People queue to enter a restaurant in New Orleans' French Quarter in early August.
Mario Tama
/
Getty Images
People queue to enter a restaurant in New Orleans' French Quarter in early August.

It started out as the summer of possibility. Earlier this year, lines outside restaurants were long and bars filled up with noshing revelers. People started shopping for clothes to look presentable again after more than a year of pandemic isolation.

And why not? Things were looking safer: By the end of April, about 100 million people had been vaccinated. The worst days are behind us, one top public health expert said. Soon after, the relatively risk-averse Centers for Disease Control and Prevention told Americans they could shed their masks even for indoor gatherings as long as they were fully vaccinated.

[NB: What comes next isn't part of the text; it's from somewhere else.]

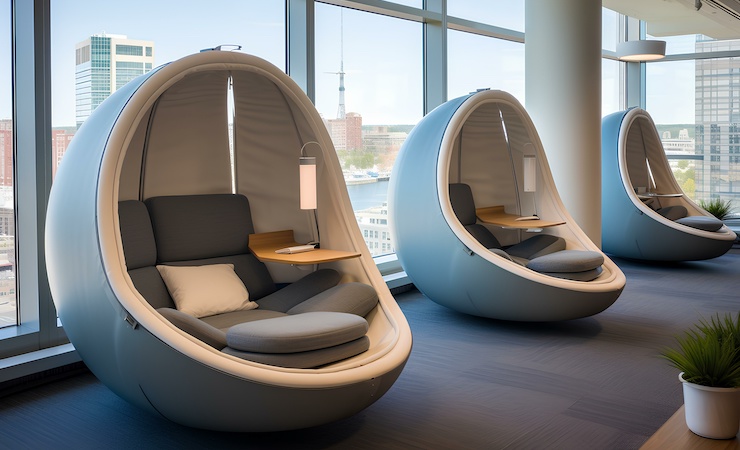 nap pods in office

There was a giddy feeling in the air.

How quickly the tables have turned. The masks have gone right back on in many places as the latest coronavirus variant has surged in the United States. Shoppers are fearful again, travelers are staying home — and that means the economy is once more on shaky ground.

"Rising infections and hospitalizations this summer have been unnerving," Mark Zandi, chief economist of Moody's Analytics, said this week in a research note. "Worried households suddenly turned more cautious getting on airplanes and going to restaurants."

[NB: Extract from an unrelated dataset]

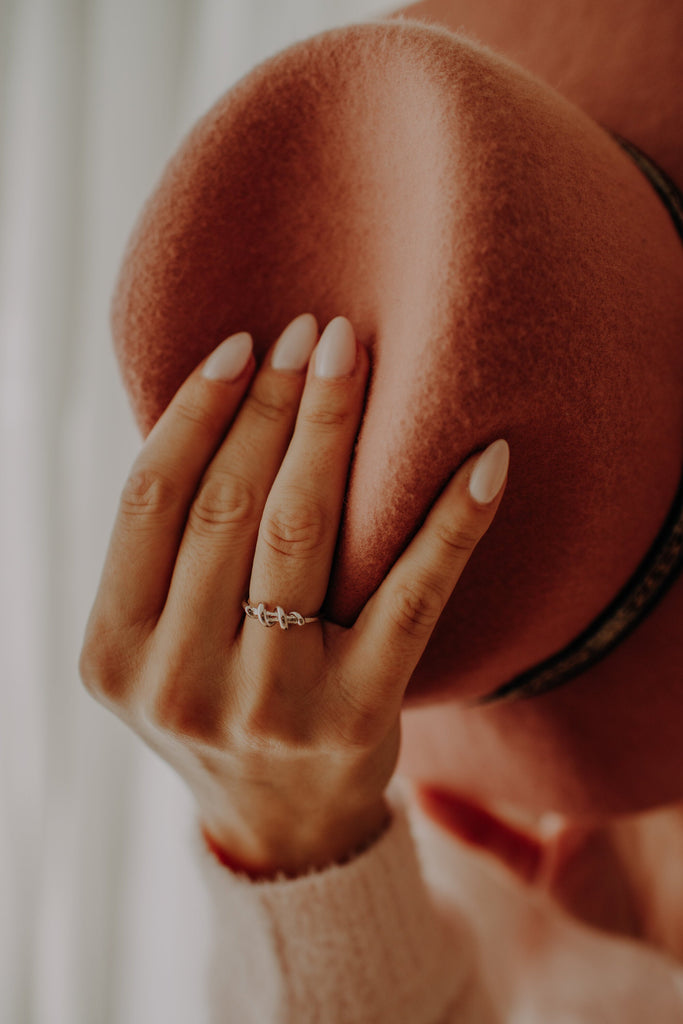 Bague Antonella Argent - KUBE STORE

On Wednesday, supermarket chain Harris Teeter announced it would close its doors earlier, partly in response to the latest surge of the delta variant. Another regional grocery chain, Publix, did the same in the Charlotte, N.C., area. As fewer customers were showing up, the store decided it was time to dial back.

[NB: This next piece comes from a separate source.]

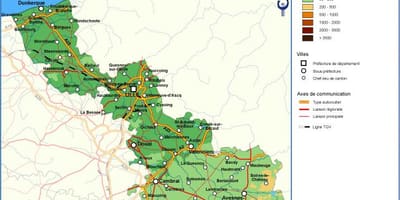 Topographic வரைபடம் Lille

This kind of pullback is being repeated across different kinds of businesses in the U.S. economy.

After an early summer spike in travel, people are dialing back plans to fly

Southwest Airlines recently warned that bookings were starting to fall and cancellations had started to rise.

This came barely a few weeks after Southwest CEO Gary Kelly said demand from leisure travelers was so great that traffic in July was expected to outpace the levels of the same month in 2019, before the coronavirus pandemic.

In fact, the airline was even planning for bigger and better days ahead.

"Next year, we plan to resume new aircraft deliveries, with the desire to restore our route network as needed to pre-pandemic levels," Kelly said in a conference call in the same month.

That optimism is now clouded in uncertainty for so many businesses. It's evident in the spate of decisions at different companies to postpone their back-to-office plans, despite preparations for grand reopenings in September and October. Microsoft last week even stayed away from providing a new date when it postponed its October reopening plans.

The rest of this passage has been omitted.